O argumento de Taques já havia sido refutado pelos Ministério Públicos na semana passada. “Não se pode querer ‘colocar na conta’ do Ministério Público (e, logo, da sociedade mato-grossense, cujos interesses são devidamente contemplados em todas as ações ajuizadas) a escolha administrativa do Estado e comercial do consórcio entre celebrar ou não o acordo para retomada das obras do VLT, já que as ações ajuizadas pelo Ministério Público são legítimas e têm como objetivo maior o interesse público”, diz trecho da petição.

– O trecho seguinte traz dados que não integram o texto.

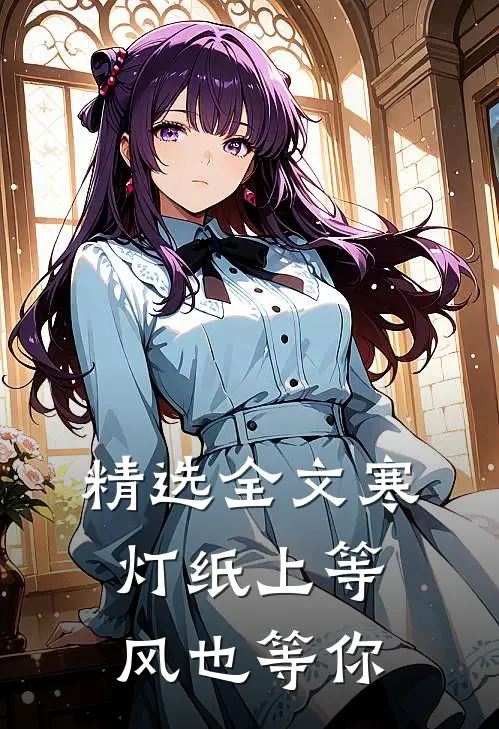 精选全文寒灯纸上等风也等你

Taques informou que as equipes da Secretaria de Cidades, Procuradoria Geral do Estado (PGE) e Controladoria Geral do Estado estão buscando solução para a obra. Ele defendeu o acordo com o consórcio VLT Cuiabá. “Precisamos entender que é muito mais caro nós fazermos outra licitação. Será uma licitação internacional, e o valor será bem maior. Estamos economizando o dinheiro do Estado, buscando resolver. Não podemos ficar com essa cicatriz rasgando Cuiabá e Várzea Grande”, afirmou.

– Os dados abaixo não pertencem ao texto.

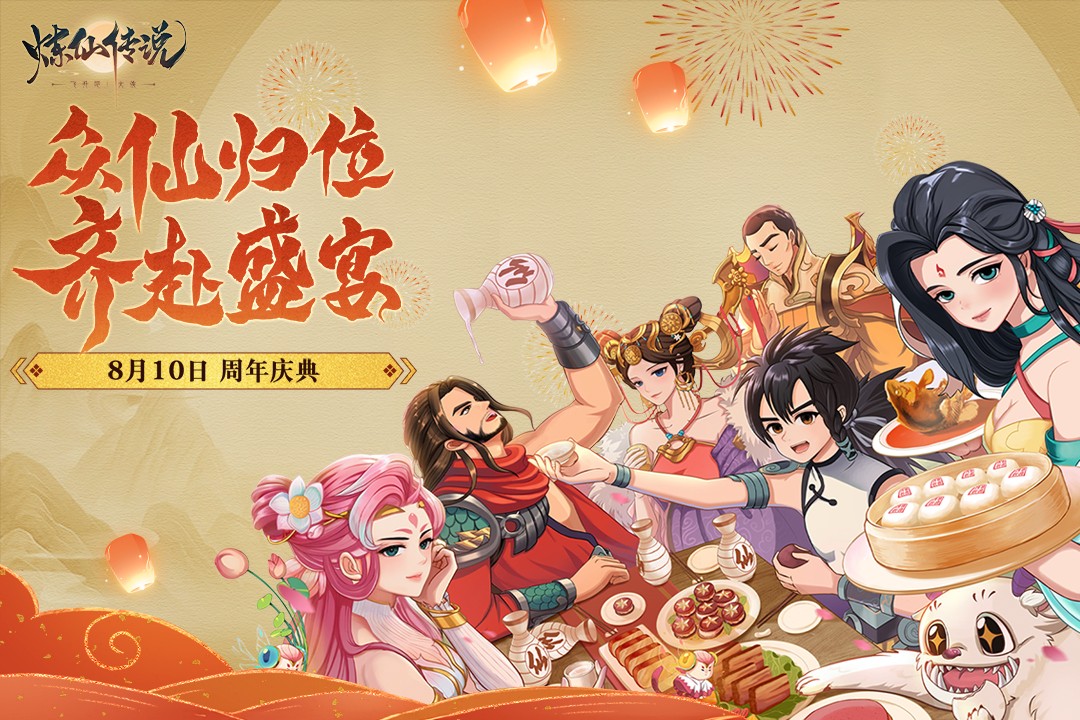 炼仙传说(0.1折)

O principal argumento do MPE e MPF para ir contra o acordo é que a repactuação não seguiu o valor de R$ 1,668 bilhão apontado pela consultoria KPMG. O governo propõe pagar o valor de R$ 1,988 bilhão ao consórcio. No início do seu governo, Taques judicializou a questão e contratou a KPMG devido à divergência entre os valores solicitados pelo consórcio para concluir o VLT e o valor que estava disposto a pagar.

Contrato
A obra do VLT foi contratada pelo valor de R$ 1,477 bilhão em 2012 e paralisada no final de 2014, ainda no governo Silval Barbosa (PMDB). O acordo firmado entre o atual governo e o consórcio no final de março estabeleceu o valor de R$ 1,988 bilhão para concluir a obra. Antes da paralisação, foram pagos R$ 1,066 bilhão em medições.

Para construir o VLT, o ex-governador Silval Barbosa (PMDB) contraiu dois empréstimos que somam R$ 1,151 bilhão. O restante viria do caixa do Estado. Com o novo financiamento, não seria mais necessário usar recursos do Tesouro.